WORK ITEM
The expected output is an exact copy of the lines from the one containing "Paperback Preparing the" to the final line below, minus any pictures.

GIVEN MATERIAL
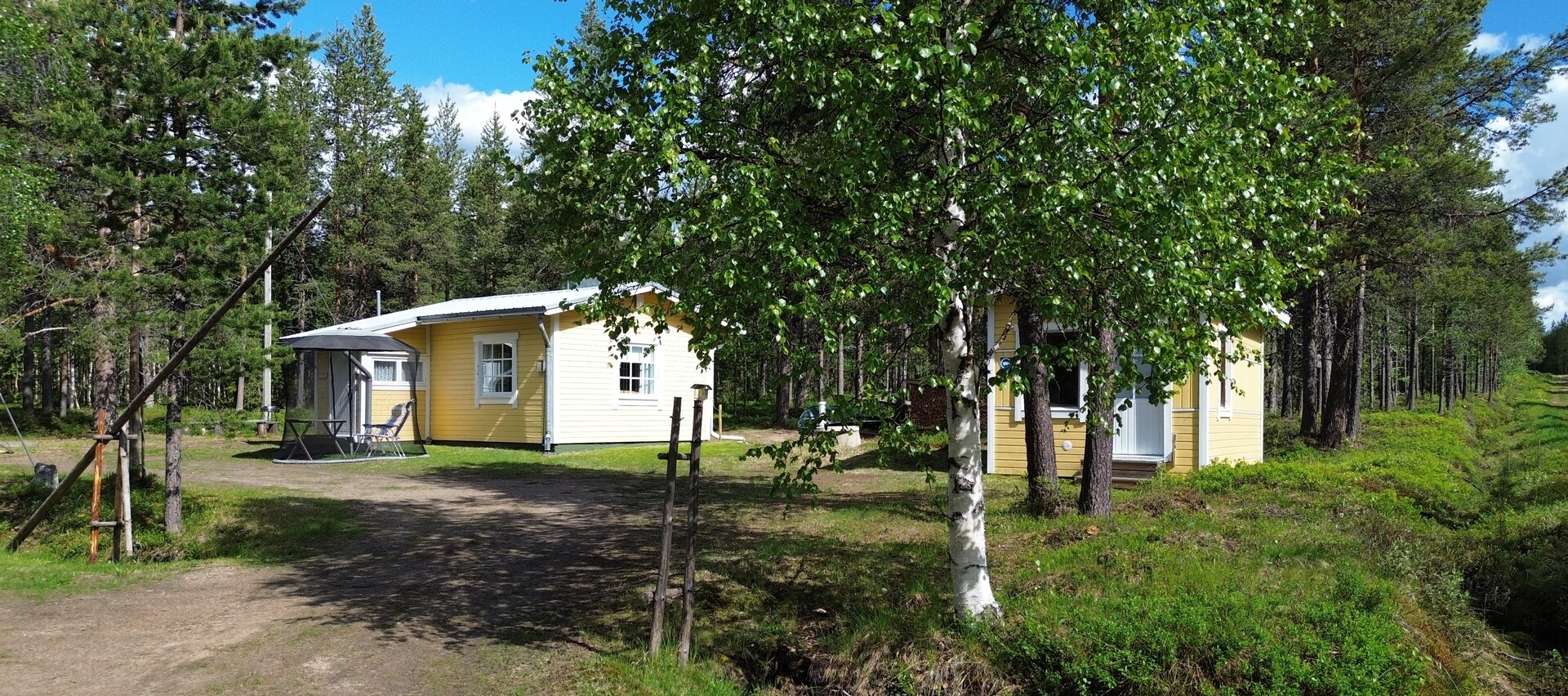 Kilpisjärventie 495 b, Muonio, Muonio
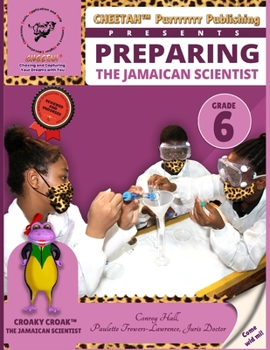Paperback Preparing the jamaican scientist grade 6 Book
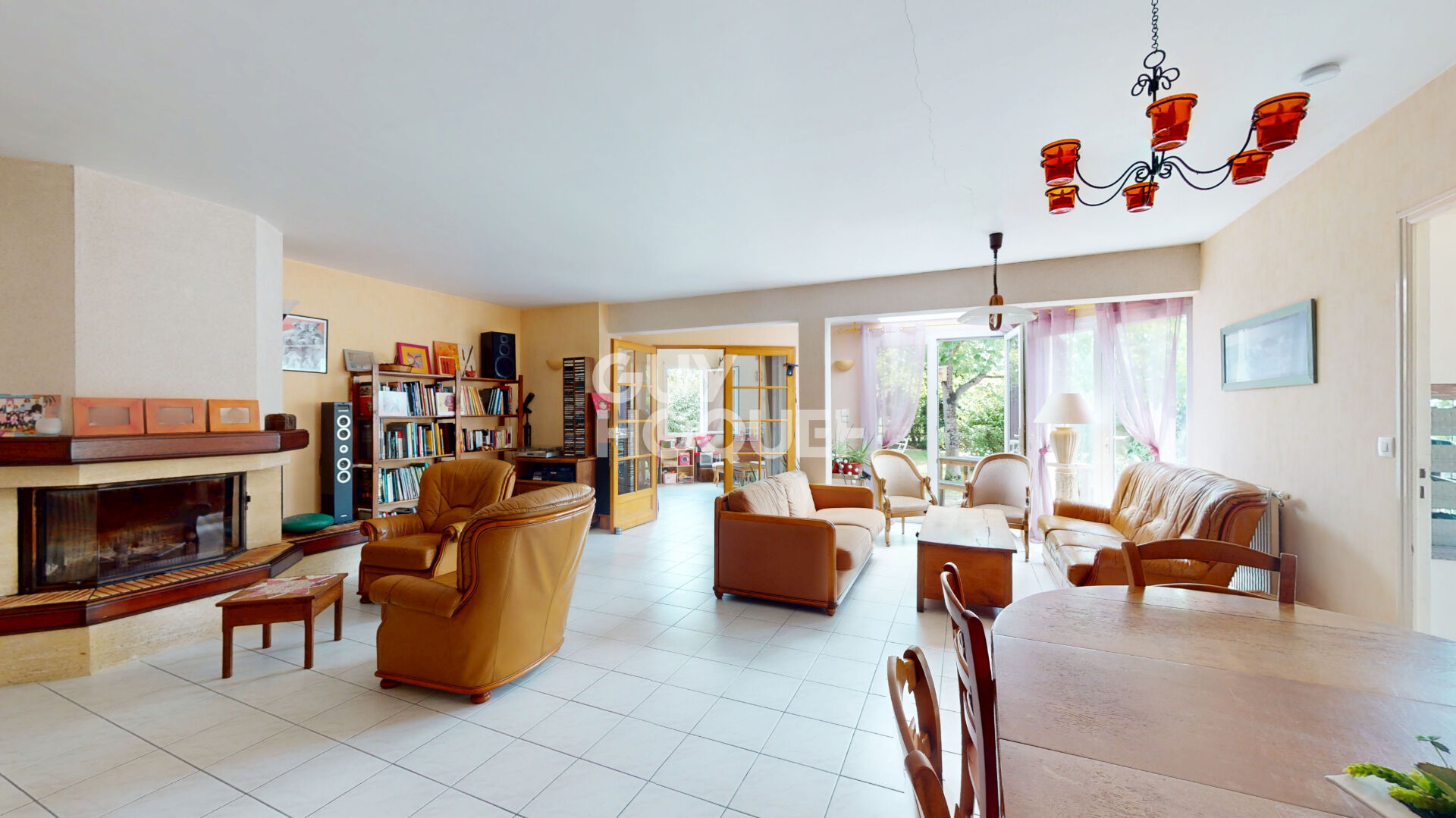 Maison Haute-Goulaine 4 chambres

EXERCISE ANSWER
Paperback Preparing the jamaican scientist grade 6 Book
 Maison Haute-Goulaine 4 chambres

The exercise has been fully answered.